Он хлопнул в ладоши и начальственно сцепил руки.
Срочно за работу, с тонкой усмешкой скомандовал он, как положено шефу.
Итак, после недели разглагольствований, когда он, по всей видимости, думал только о выплате второй части аванса, мы с грехом пополам приступили к делу.
Как известно, АОЧС подвергают критике, начал он, хотя мы предоставляли работу сотням людей. Сотням! В период нашего расцвета мы создали более восьмисот сорока… нет, восемьсот тридцать восемь рабочих мест с полной занятостью и еще девяносто шесть – с частичной. И это не считая малых предприятий в Бендиго, которые мы поддерживали заказами на инженерные и другие проекты. Как это называется? Эффект увеличения? И что в этом плохого? Мы делали только хорошее. Так и запиши.
И барышей не получали, раздраженно заметил я, поскольку все это давным-давно стало достоянием общественности.
Разве государственные органы должны приносить барыши?
При чем тут государственные органы? У вас имелся бизнес.
Понял тебя. Мы были образцовой фирмой. Получили награду за экспорт.
Вы ничего не экспортировали.
Да, для меня самого это оставалось загадкой.

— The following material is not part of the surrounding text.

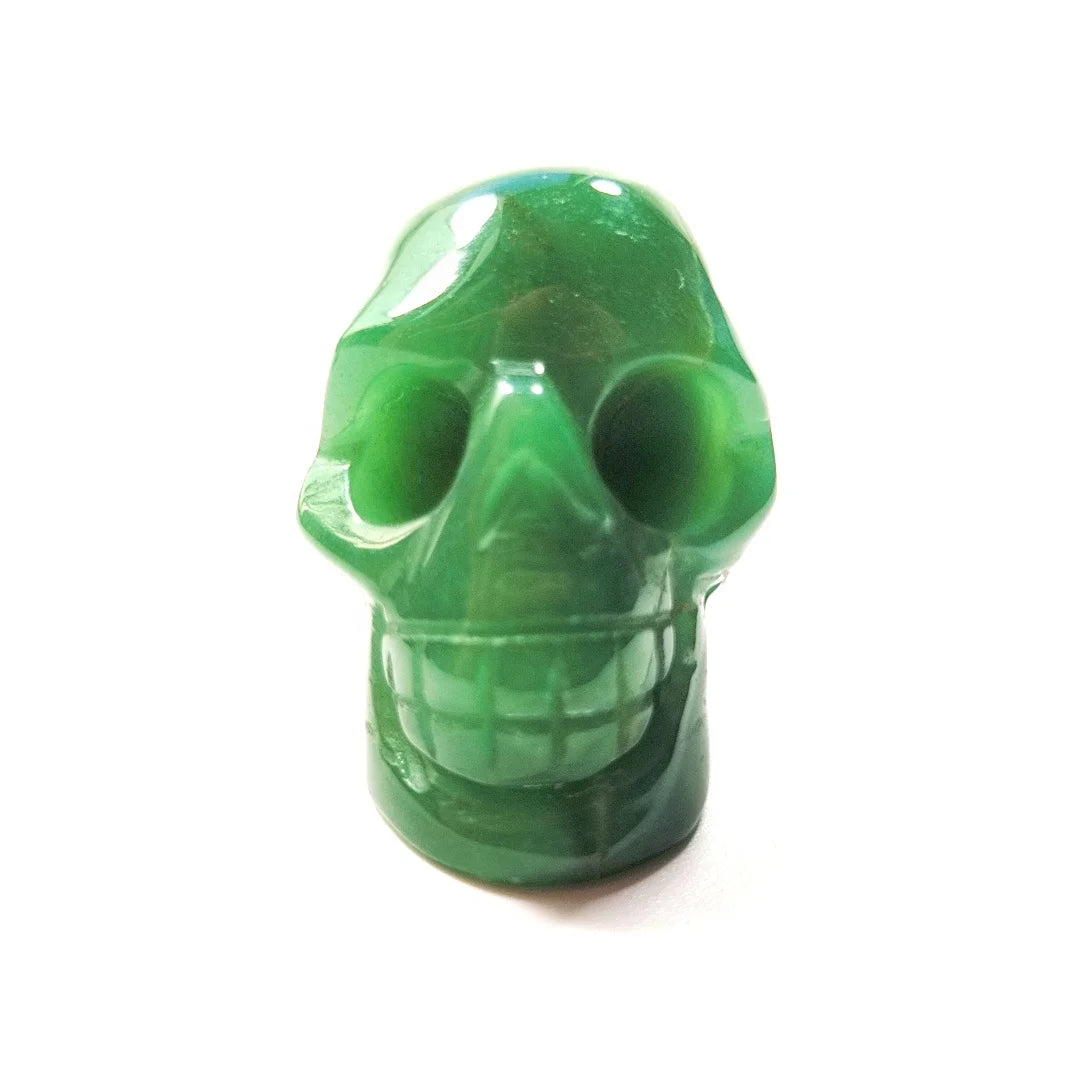 HZ Wholesale Gemstone Feng Shui Stone Green Aventurine Skulls Handmade Carved Skulls Stones and Crystals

Но бизнес процветал. За что меня и наградили Орденом Австралии.
Вы не были австралийцем.
У меня не нашлось австралийского паспорта. А это не одно и то же.
Не знаю, не знаю.
Понял тебя. Меня представили к ордену за «новаторство в бизнесе конца двадцатого века». Это…
Бизнес должен выдержать испытание рынком.
Мы выдержали это испытание на «отлично». Рынок дал нам семьсот миллионов долларов.
Но вы их не вернули.
Рынок на сей счет не переживал. Всем казалось, что за этим дело не станет.
Вы лгали банкирам.
Я был честен в отношении наших возможностей. Все видели наши грузовые контейнеры. Мы создавали рабочие места. Защищали жизни. Тушили пожары. Спасали моряков. Шахтеров. Подняли производственное обучение на новый уровень. Установили новые стандарты качества. Банки целиком и полностью нас поддерживали и финансировали.
Деньгами вкладчиков.
Целиком и полностью. А разве хоть одна компания развивается на собственные деньги? Почему я должен составлять исключение? Будь у нас больше времени, мы бы с успехом развернулись в мировом масштабе.
За счет чего?
За счет чего? Да за счет возможных прибылей, вот за счет чего. Почему нас обвиняли во всех смертных грехах, если остальным то же самое сходит с рук? Я лично разницы не вижу.
Остальные ведут дела честно.
И ты в это веришь? Кроме шуток?
Как вам удалось внушить банкирам, что вы действительно зарабатываете деньги?
Отвечая, Хайдль впервые поднял на меня взгляд: его черные глаза сияли убежденностью, которую в то же время можно было принять за пытливость.
Я пускал их деньги по магическому кругу. Кто давал, тот и получал. Разве бизнес делается иначе? Недаром же меня полюбили во всем мире. Согласен?
5
Не успел я в тот вечер добраться до берлоги Салли, как позвонил Рэй и сказал, что наш поезд вот-вот уйдет и хорошо бы на него успеть. При иных обстоятельствах, в другой вечер я бы отказался. Но сегодня мне просто хотелось выпить. Мы пересеклись в «Звере», посидели там примерно час, потом перебрались в «Тернии и звезды», а оттуда – в ночной клуб поближе к центру, где, как гарантировал Рэй, нас ждали все тридцать три удовольствия, на что в ночных клубах обычно рассчитывать не приходится. Ничего хорошего, впрочем, там и не оказалось. Но сниматься с места было уже слишком поздно.
Когда мельбурнский рассвет начал таять и стекать по тесноте заднего сиденья нашего такси, по Рэю, по мне и по двум девицам, которых Рэй окрестил Розочкой и Фиалочкой по цвету платья каждой, я задал ему вопрос насчет контейнеров, о которых не раз упоминал Хайдль.
Не могу понять, признался я. Сотни контейнеров, под завязку набитых оборудованием на миллионы долларов, а АОЧС якобы не получала прибылей.
Мой стиль жизни – лайфсерфинг, объявила Розочка.
Ага, подхватила Фиалочка, мой тоже. Мы это… вжжух! На месте не сидим.
Вжжух! – захихикала Розочка. Вжжухи-вжжух!
Розочка и Фиалочка могли поддакивать и Рэю, и друг дружке, потому что им, как и нам, больше некуда было деваться.